● Work request
Every record below must be retyped exactly, with the pictures left out.

● Exercise data
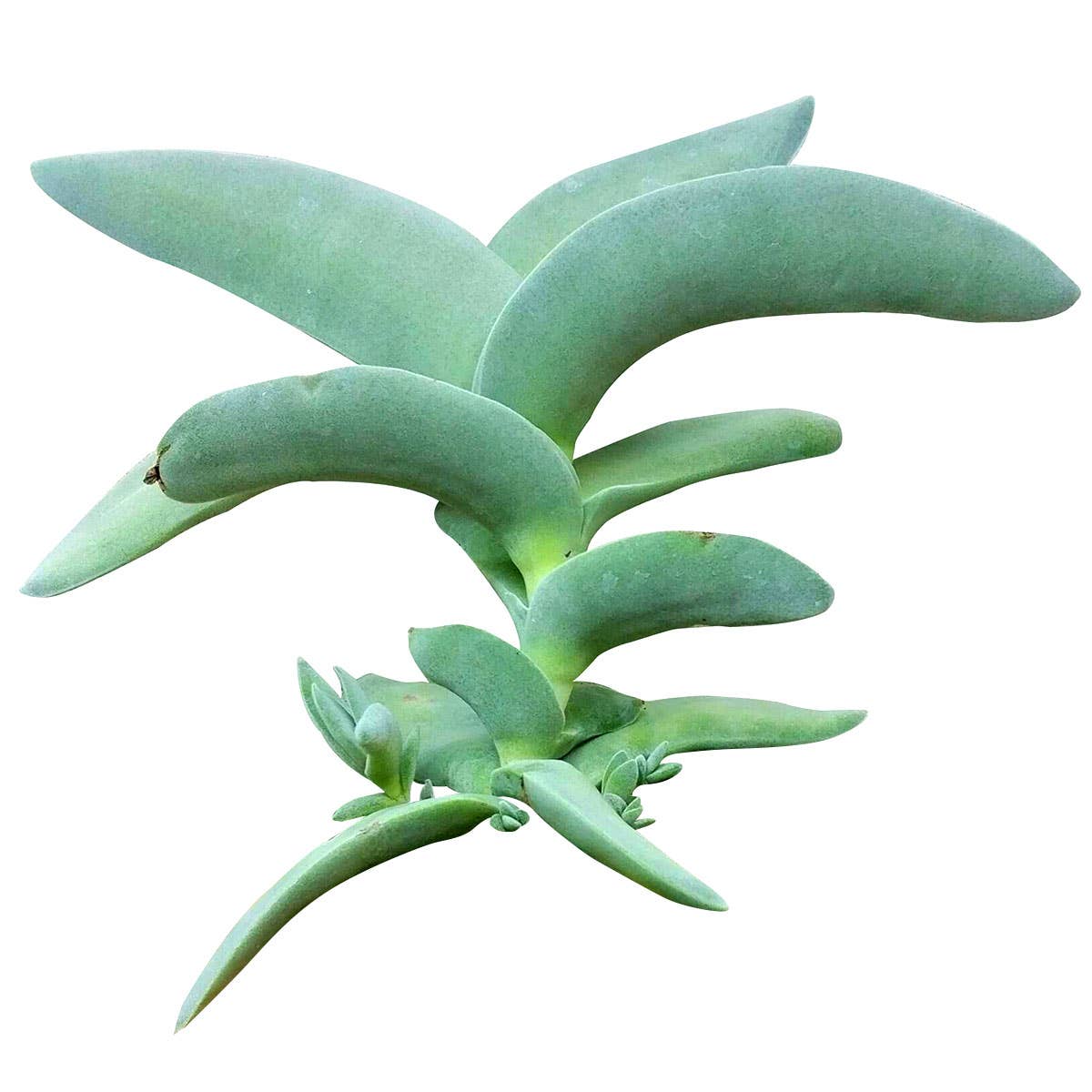 Crassula Falcata Propeller Plant - 2in/6in Live Succulent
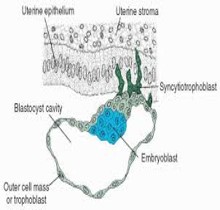 <p><mark data-color="red">First trimester: implantation</mark></p><p>Can you label, describe and explain what this diagram is/shows?</p>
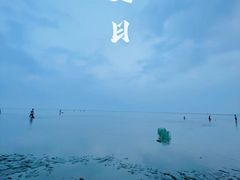 -南汇嘴观海公园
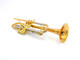 The Wonderful Professional Schagerl Academica TR-620L Bb Trumpet in Lacquer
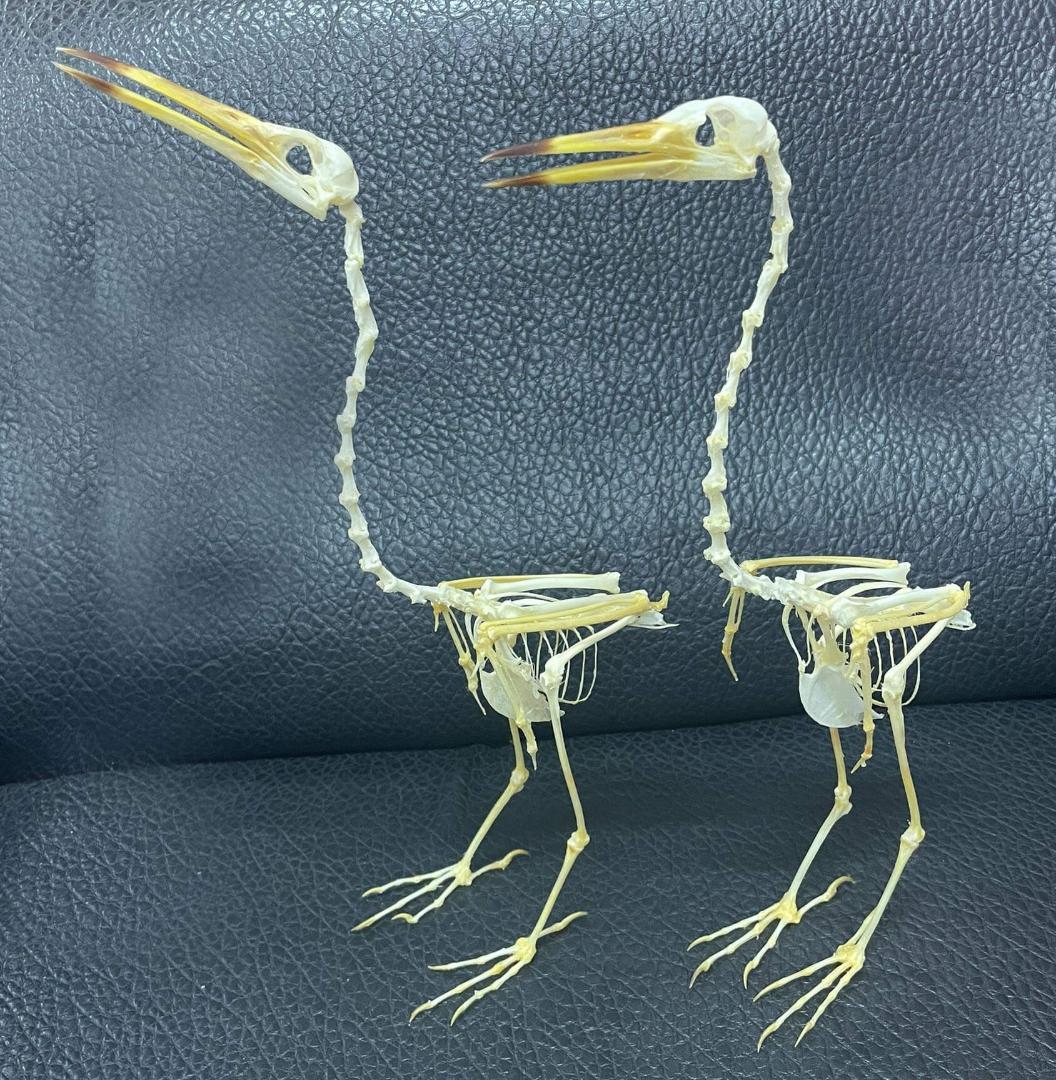 ジャワアカガシラサギの骨格標本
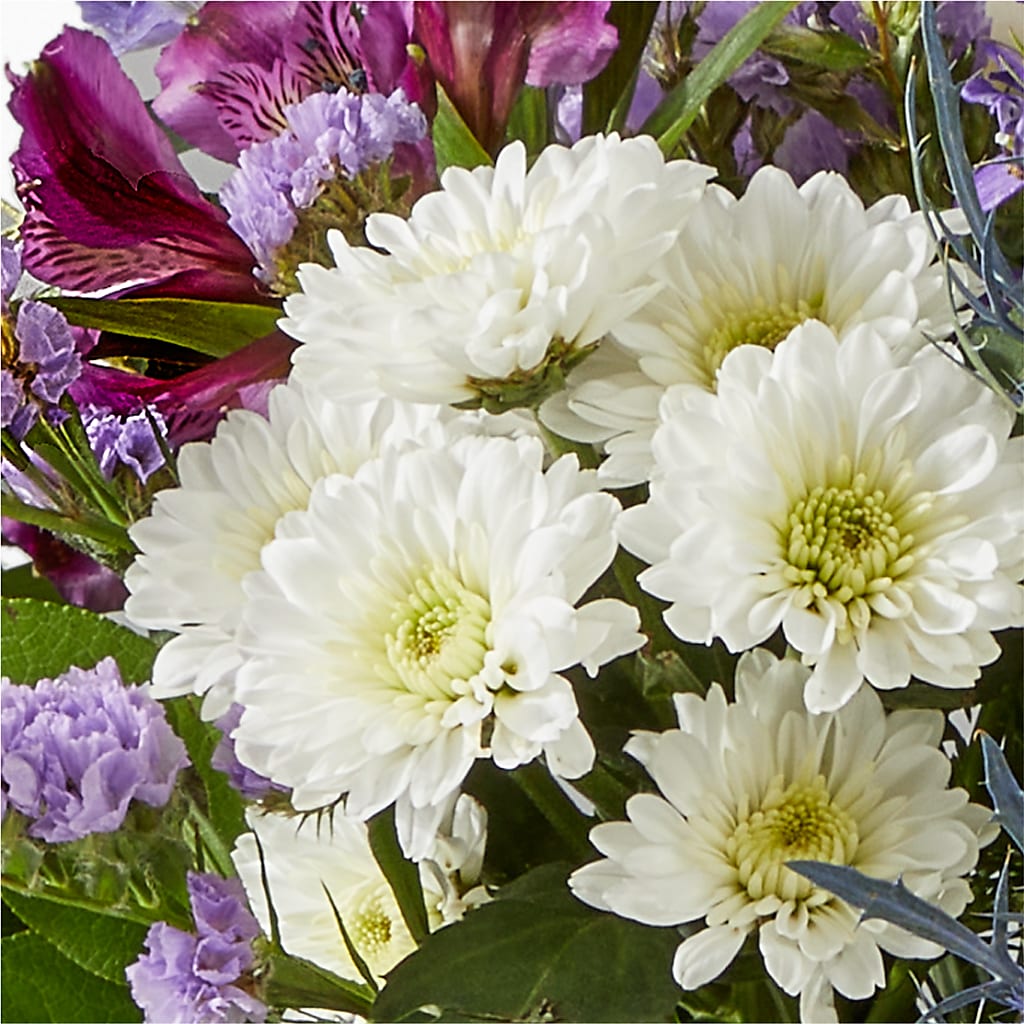 Shooting Star Bouquet –  Luxe Arrangements, Agawam MA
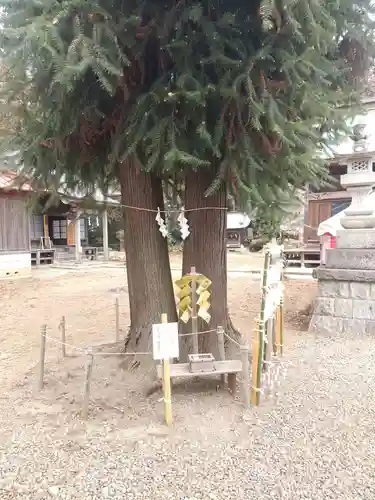 長沼八幡宮(栃木県)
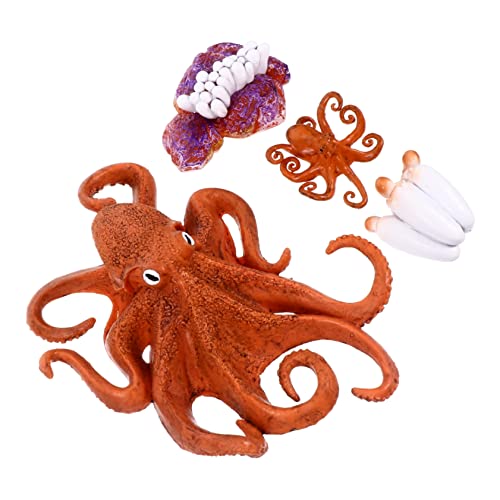 Garneck 1 Satz Wachstumszyklus Fisch Pädagogikspielzeug Kleinkinder Kinderspielzeug Desktop-Ornament Künstliche Meeresbewohner-Dekoration Meeresorganismus-Modell Plastik von Garneck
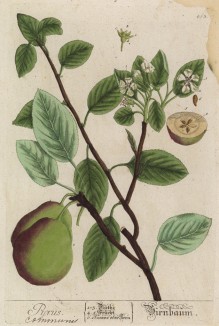 Груша (Pyrus (лат.)) — род деревьев и кустарников семейства розовые (лист 453 "Гербария" Элизабет Блеквелл, изданного в Нюрнберге в 1760 году)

● Exercise result
 Crassula Falcata Propeller Plant - 2in/6in Live Succulent
 <p><mark data-color="red">First trimester: implantation</mark></p><p>Can you label, describe and explain what this diagram is/shows?</p>
 -南汇嘴观海公园
 The Wonderful Professional Schagerl Academica TR-620L Bb Trumpet in Lacquer
 ジャワアカガシラサギの骨格標本
 Shooting Star Bouquet –  Luxe Arrangements, Agawam MA
 長沼八幡宮(栃木県)
 Garneck 1 Satz Wachstumszyklus Fisch Pädagogikspielzeug Kleinkinder Kinderspielzeug Desktop-Ornament Künstliche Meeresbewohner-Dekoration Meeresorganismus-Modell Plastik von Garneck
 Груша (Pyrus (лат.)) — род деревьев и кустарников семейства розовые (лист 453 "Гербария" Элизабет Блеквелл, изданного в Нюрнберге в 1760 году)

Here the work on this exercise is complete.